───── EXTRACTED INFORMATION

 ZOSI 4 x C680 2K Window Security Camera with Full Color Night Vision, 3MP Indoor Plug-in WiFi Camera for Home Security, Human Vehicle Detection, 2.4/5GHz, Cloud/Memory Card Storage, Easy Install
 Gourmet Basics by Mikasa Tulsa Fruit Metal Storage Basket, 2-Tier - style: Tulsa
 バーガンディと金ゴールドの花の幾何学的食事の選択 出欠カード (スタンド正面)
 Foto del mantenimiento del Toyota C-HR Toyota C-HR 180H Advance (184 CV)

──────────
───── EXTRACTED INFORMATION

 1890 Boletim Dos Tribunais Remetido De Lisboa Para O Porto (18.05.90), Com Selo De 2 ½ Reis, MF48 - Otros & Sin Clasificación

──────────
───── EXTRACTED INFORMATION

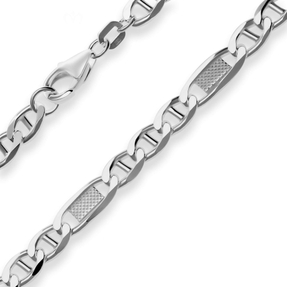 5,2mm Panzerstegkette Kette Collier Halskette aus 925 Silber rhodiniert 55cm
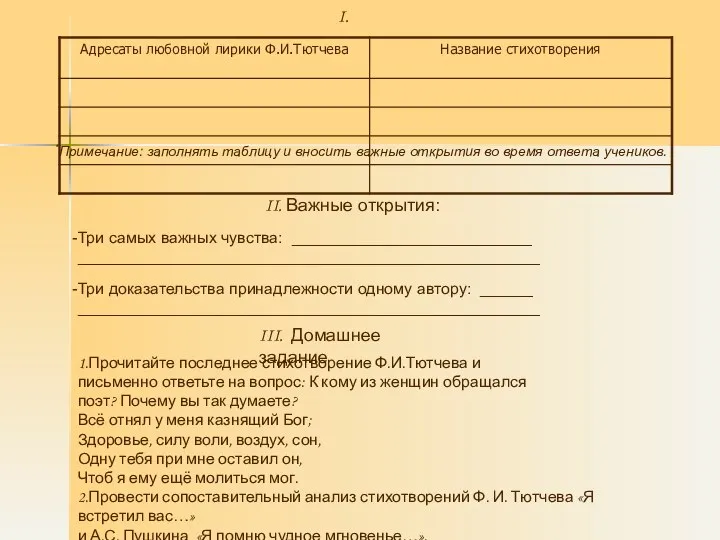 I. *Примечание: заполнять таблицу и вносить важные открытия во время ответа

──────────

**DIRECTIONS FOR THIS TASK:**
Please copy the lines above from the line with "ZOSI 4 x C680" up to and including the line with "Foto del mantenimiento", exactly as written and with nothing else.

**OUTPUT BELOW:**
 ZOSI 4 x C680 2K Window Security Camera with Full Color Night Vision, 3MP Indoor Plug-in WiFi Camera for Home Security, Human Vehicle Detection, 2.4/5GHz, Cloud/Memory Card Storage, Easy Install
 Gourmet Basics by Mikasa Tulsa Fruit Metal Storage Basket, 2-Tier - style: Tulsa
 バーガンディと金ゴールドの花の幾何学的食事の選択 出欠カード (スタンド正面)
 Foto del mantenimiento del Toyota C-HR Toyota C-HR 180H Advance (184 CV)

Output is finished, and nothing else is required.